Available data →

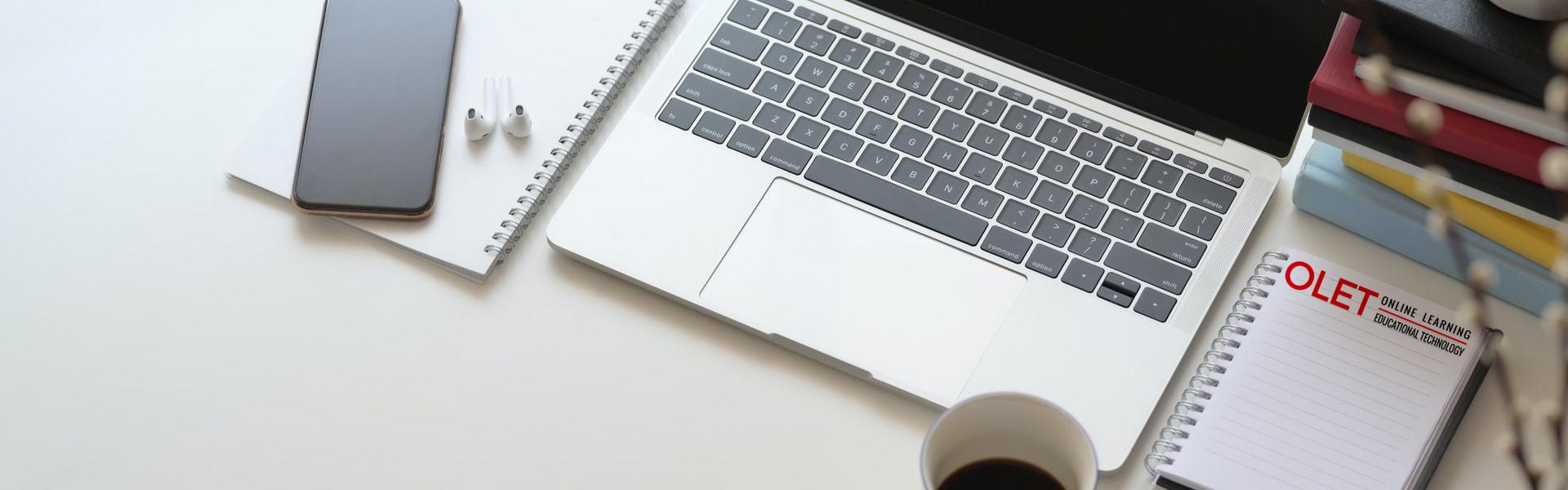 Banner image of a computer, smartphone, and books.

--

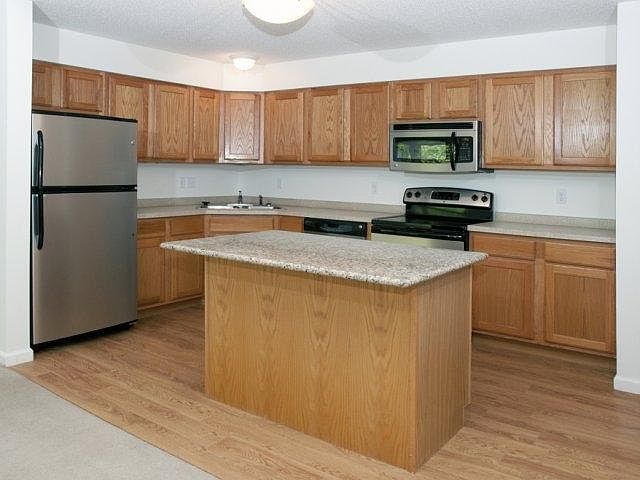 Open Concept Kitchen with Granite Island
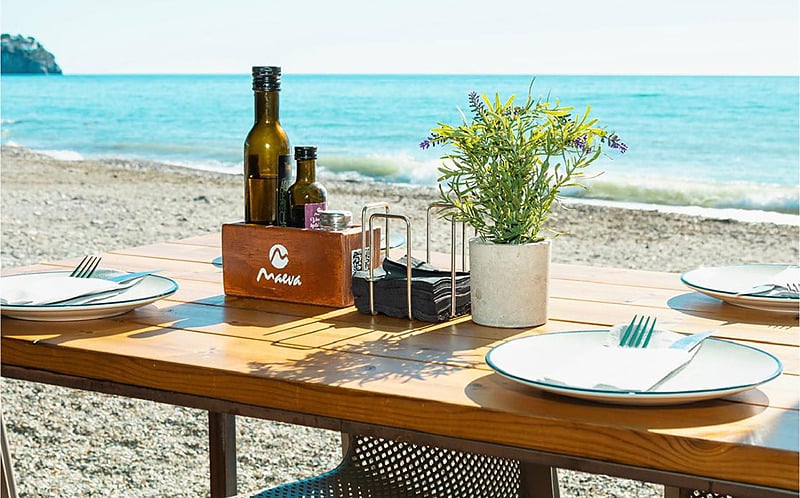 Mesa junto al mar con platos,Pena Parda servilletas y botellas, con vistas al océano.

...

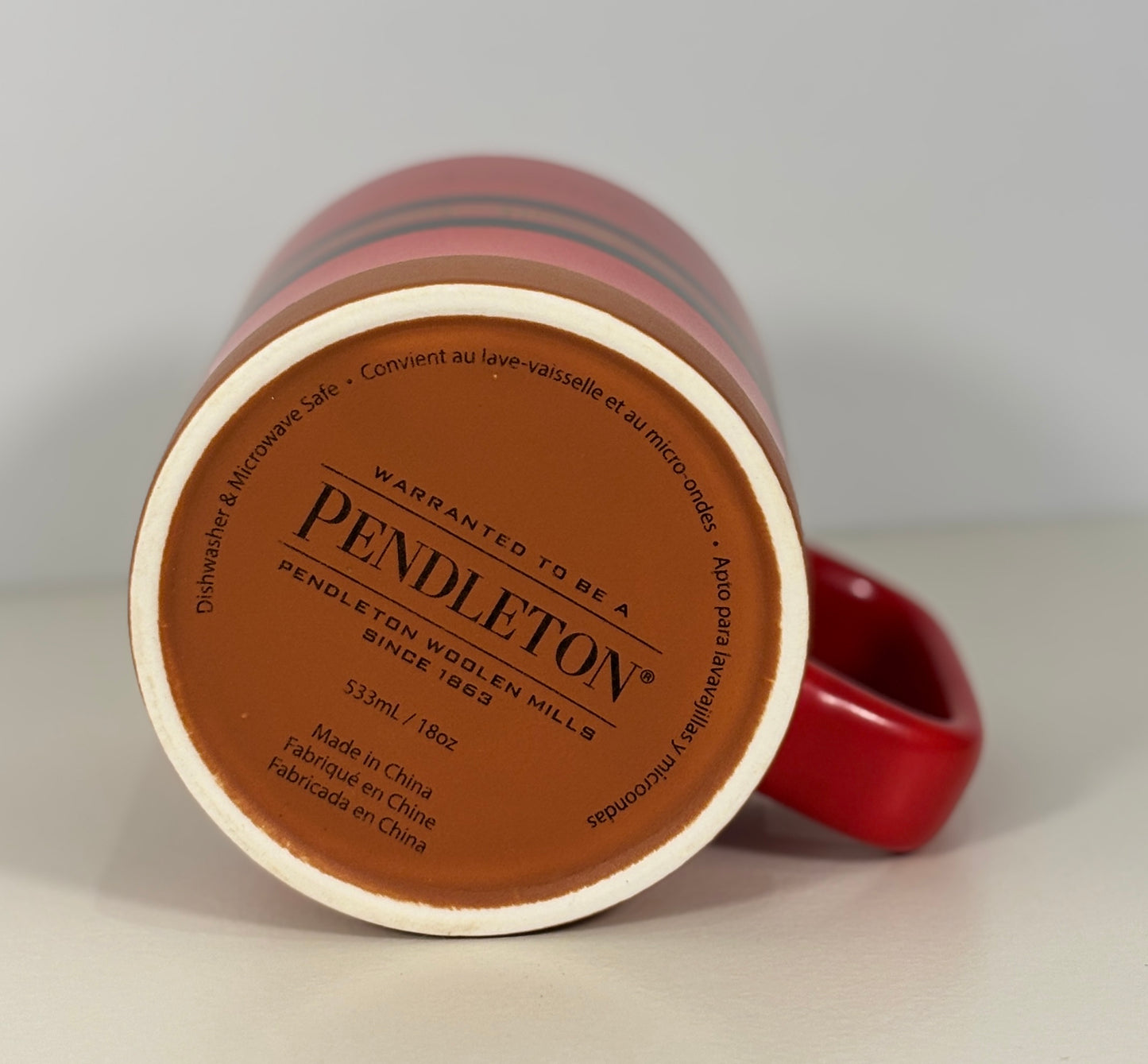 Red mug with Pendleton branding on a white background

Exercise aim →
Start at the line containing "Open Concept Kitchen with Granite Island" above and stop at the line containing "Mesa junto al". Output those lines exactly, both included, but none of the pictures.

Your solution →
 Open Concept Kitchen with Granite Island
 Mesa junto al mar con platos,Pena Parda servilletas y botellas, con vistas al océano.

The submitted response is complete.